* Problem description *
When you reach the line that contains "Loket dobyli rockeři", begin copying exactly, and continue through the last line of the data; no pictures belong in the copy.

* Input data *
+ + + +
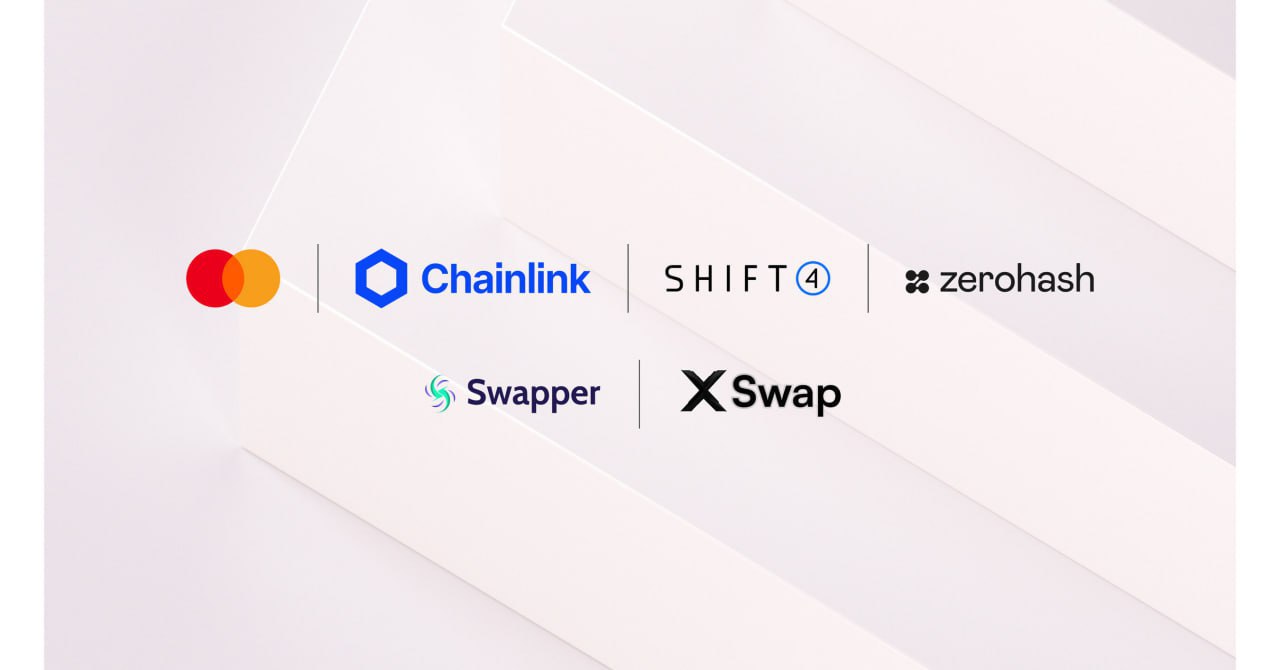 Mastercard і Chainlink співпрацюють, щоб уможливити купівлю криптовалют безпосередньо в блокчейні. Платіжна система Mastercard об’єднала зусилля з децентралізованою мережею оракулів Chainlink, яка забезпечує зв’язок смартконтрактів із зовнішніми даними. Це дозволяє понад 3 мільярдам власників карток Mastercard купувати криптовалюти прямо в блокчейні. Для безперебійної покупки залучено кілька учасників: Shift4 обробляє платежі карткою. Zerohash забезпечує зберігання фіатної валюти та криптовалютну ліквідність. XSwap і Uniswap виконують обмін токенами на децентралізованих ринках. Ця ініціатива є частиною стратегії Mastercard із розширення присутності на крипторинку, включаючи нещодавню роботу з Fiserv над інтеграцією стейблкойна FIUSD у продукти та послуги компанії. CryptoFace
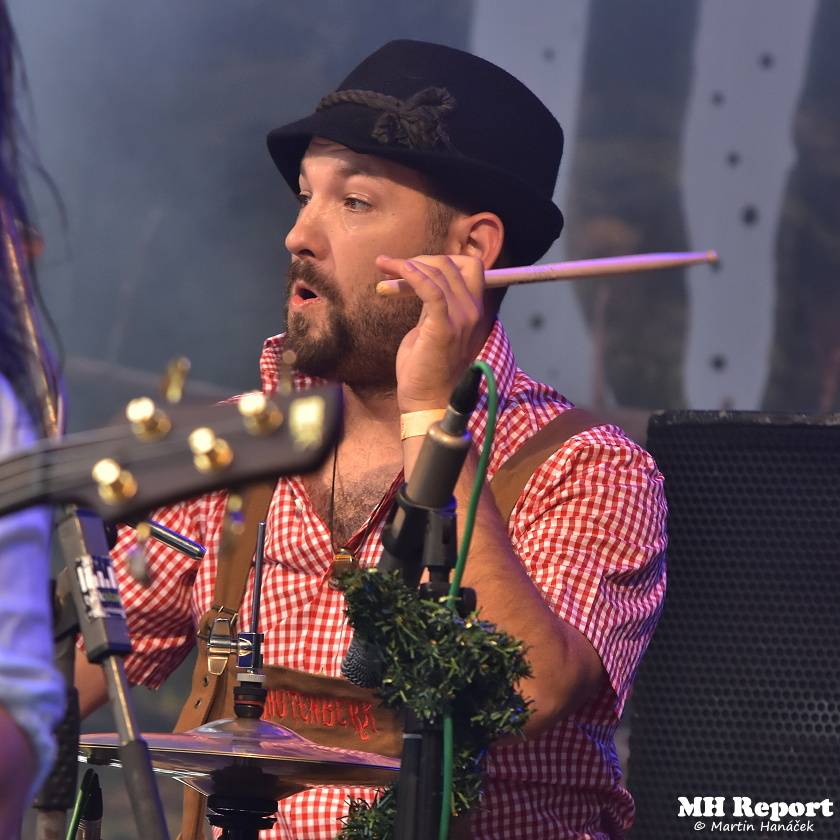 Loket dobyli rockeři a metalisté: Dymytry, Harlej, Arakain nebo Trautenberk rozvášnili fanoušky v podhradí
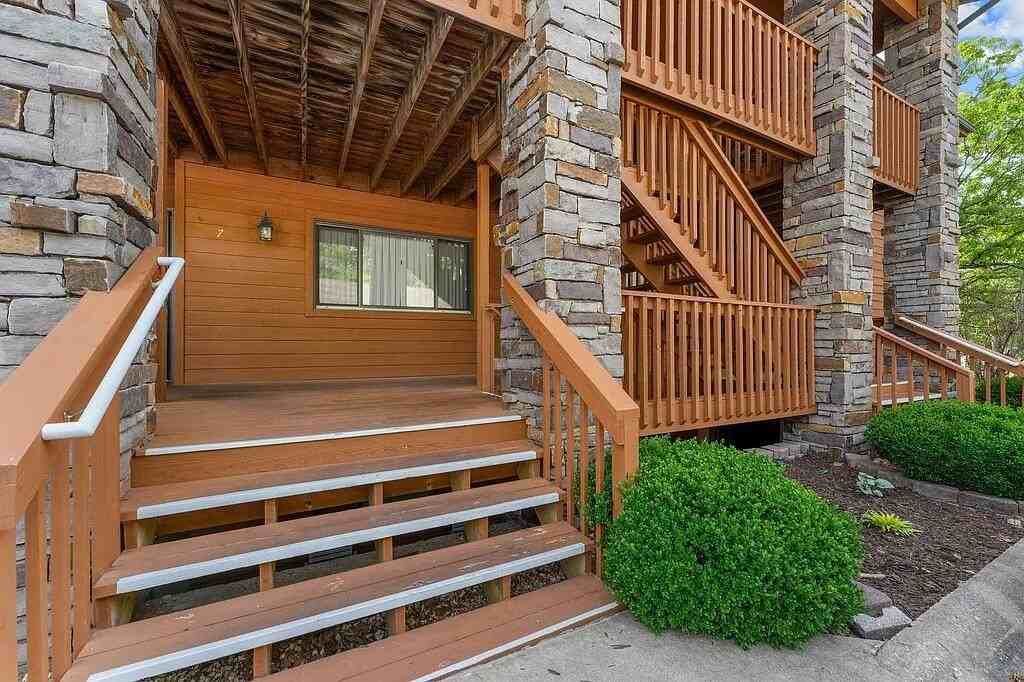 193 Avondale Dr #3 - Photo 3 of 29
+ + + +
* Your solution *
 Loket dobyli rockeři a metalisté: Dymytry, Harlej, Arakain nebo Trautenberk rozvášnili fanoušky v podhradí
 193 Avondale Dr #3 - Photo 3 of 29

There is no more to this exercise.